I do think however that by doing the rounds of questioning everyone - even including all us here  - you're certainly doing everything reasonably possible to arrive at the "right" conclusion Matt.

So good luck with it.

The only thing in all this that really does concern me however is that from all I hear about UK these days (not lived there for over 25 years) is that APPARENTLY, unless you've got a degree of some sort to show, many companies (or their HR Depts) won't even start to consider you at all. If that really is so, then "shame on you all" I say.

AES


----------



## Jacob (11 Dec 2017)

AES":1r88af8v said:


> @Jacob: You wrote, QUOTE: The answer to the OP's dilemma is to support his son 100% in spite of the appalling grant system. He may not get another chance. The debt won't be repayable unless he earns quite a lot of dosh and in the meantime things might have become a bit more civilised with fewer disincentives to higher education. UNQUOTE:
> 
> Well, we're getting there with you Jacob, well done indeed. Especially if we can change your first word above QUOTE: The ... UNQUOTE: to "MAY" !
> 
> ...


The OP could ask himself - does he have such a low opinion of his son's abilities that he thinks the opportunity would be wasted and the place better given to someone else?


----------



## AES (11 Dec 2017)

Off the point yet again Jacob. Leopards and spots and all that.

Bye bye.

AES


----------



## Inoffthered (11 Dec 2017)

Jacob":2m74lwah said:


> AES":2m74lwah said:
> 
> 
> > PS apologies for mentioning the idea of free education for all - I realise it's a bit too "socialistic" for some! :lol:
> > But it's a good investment - even third world countries have cottoned and are developing better education services than we have.




Of course, university and higher education used to be free, tuition fees were reintroduced by the socialist government of a certain Anthony Charles Lynton Blair.


----------



## Jacob (11 Dec 2017)

Inoffthered":17c0be2i said:


> Jacob":17c0be2i said:
> 
> 
> > AES":17c0be2i said:
> ...


So what? What difference does that make?

https://en.wikipedia.org/wiki/Tuition_f ... ed_Kingdom

NB It wasn't me that introduced a political theme to this thread - it was our Roger and AES, huffing and puffing! All their fault if it goes off the rails. :lol:


----------



## [email protected] (11 Dec 2017)

Jacob":3nsfh4ts said:


> AES":3nsfh4ts said:
> 
> 
> > @Jacob: You wrote, QUOTE: The answer to the OP's dilemma is to support his son 100% in spite of the appalling grant system. He may not get another chance. The debt won't be repayable unless he earns quite a lot of dosh and in the meantime things might have become a bit more civilised with fewer disincentives to higher education.

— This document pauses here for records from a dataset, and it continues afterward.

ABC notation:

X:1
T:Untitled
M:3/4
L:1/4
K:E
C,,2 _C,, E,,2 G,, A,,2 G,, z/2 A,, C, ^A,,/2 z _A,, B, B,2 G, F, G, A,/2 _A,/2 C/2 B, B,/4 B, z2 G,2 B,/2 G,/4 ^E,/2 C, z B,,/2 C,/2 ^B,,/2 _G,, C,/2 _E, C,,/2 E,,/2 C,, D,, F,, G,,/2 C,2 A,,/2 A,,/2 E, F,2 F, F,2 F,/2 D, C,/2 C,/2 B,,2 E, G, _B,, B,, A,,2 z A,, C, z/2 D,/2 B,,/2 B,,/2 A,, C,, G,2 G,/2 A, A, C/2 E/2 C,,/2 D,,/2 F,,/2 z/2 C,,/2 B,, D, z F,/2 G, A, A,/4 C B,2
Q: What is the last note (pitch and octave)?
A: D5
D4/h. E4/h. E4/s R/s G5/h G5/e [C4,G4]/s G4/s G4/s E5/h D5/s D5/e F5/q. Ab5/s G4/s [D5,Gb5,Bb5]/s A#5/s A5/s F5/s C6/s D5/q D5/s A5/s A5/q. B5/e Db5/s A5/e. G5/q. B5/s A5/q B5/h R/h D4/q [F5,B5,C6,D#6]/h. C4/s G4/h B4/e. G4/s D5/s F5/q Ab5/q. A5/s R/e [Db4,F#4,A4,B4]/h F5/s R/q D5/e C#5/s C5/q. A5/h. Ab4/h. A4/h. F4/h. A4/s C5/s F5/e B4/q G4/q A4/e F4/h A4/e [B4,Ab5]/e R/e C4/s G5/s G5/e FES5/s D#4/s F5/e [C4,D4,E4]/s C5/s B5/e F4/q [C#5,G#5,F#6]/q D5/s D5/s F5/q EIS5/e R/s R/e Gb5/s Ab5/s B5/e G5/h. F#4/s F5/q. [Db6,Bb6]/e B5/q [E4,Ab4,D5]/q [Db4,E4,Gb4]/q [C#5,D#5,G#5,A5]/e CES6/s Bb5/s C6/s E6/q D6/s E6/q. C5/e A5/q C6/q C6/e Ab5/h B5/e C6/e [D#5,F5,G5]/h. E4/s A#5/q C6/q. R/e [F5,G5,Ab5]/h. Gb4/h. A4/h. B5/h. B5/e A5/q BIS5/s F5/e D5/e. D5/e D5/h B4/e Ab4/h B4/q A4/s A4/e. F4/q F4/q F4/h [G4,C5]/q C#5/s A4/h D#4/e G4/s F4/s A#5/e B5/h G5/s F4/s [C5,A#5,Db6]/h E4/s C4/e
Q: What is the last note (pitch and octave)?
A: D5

UNQUOTE:
> ...



you need to swot up on what the Uni system is providing to our young people circa 2017. Do you actually know? Quite a few quotes on this thread from people that have direct experience of whats on offer - not the hearsay and predjudice as you seem to be implying. As to what my opinion is of my son what the hell business has it got to with you but I'll answer you anyway. He is highly talented, motivated and focused and I want whats best for him. Again, read of peoples experiences on this thread to find out why I am mindful that he might be short changed if he makes the wrong decision.


----------



## Jacob (11 Dec 2017)

[email protected]":31i5r7e4 said:


> ....
> you need to swot up on what the Uni system is providing to our young people circa 2017. Do you actually know?..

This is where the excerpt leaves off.